SERAYUNEWS— Saat ini Indonesia sedang gempar karena hilangnya data di Pusat Data Nasional Sementara (PDNS) 2 Surabaya.
Pembuatan PDNS bertujuan untuk kebutuhan proses sambil menunggu pembangunan Pusat Data Nasional (PDN) selesai. Lokasi PDNS sendiri berada di Jakarta dan Surabaya.
Sementara itu, PDN akan pemerintah bangun di 3 tempat, yaitu di kompleks perindustrian Deltamas Cikarang, Batam dan IKN dengan target selesai pada tahun ini.
Berdasarkan audit forensik Badan Siber Sandi Negara (BSSN), serangan ransomware ini bermula dari upaya hacker menonaktifkan platform keamanan Windows Defender sejak 17 Juni. Tiga hari berselang, atau 20 Juni, sistem benar-benar lumpuh.

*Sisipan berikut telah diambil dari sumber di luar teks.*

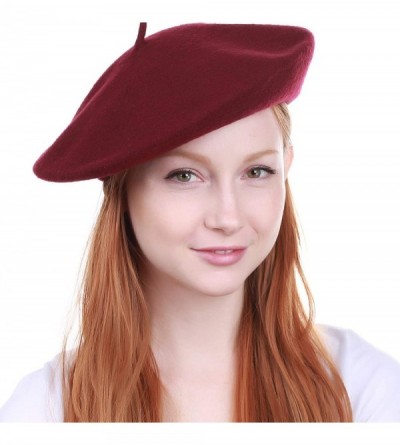 Berets 100% Wool French Beret for Womens Solid Colors Mens - Burgundy - CP18HCHNKYG $8.27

Penggunaan Windows Defender lantas menjadi perhatian khusus dalam Rapat Dengar Pendapat Komisi I DPR dengan Kominfo serta BSSN, Kamis (27/6/2024). I Wayan Sukerta, Direktur Delivery & Operation Telkomsigma membenarkan bahwa pencadangan (backup) sistem yang memang cuma bisa pakai Windows.
Sejumlah pengamat pun mengkritik penggunaan Windows Defender yang merupakan antivirus gratis bawaan dari lisensi produk Microsoft. Terlebih alokasi dana untuk proyek PDN sangat besar.
Menteri Keuangan Sri Mulyani Indrawati membeberkan, Kominfo sudah membelanjakan Rp 700 miliar untuk pemeliharaan PDN. Kominfo menggunakan anggaran itu pada periode Januari sampai Mei 2024.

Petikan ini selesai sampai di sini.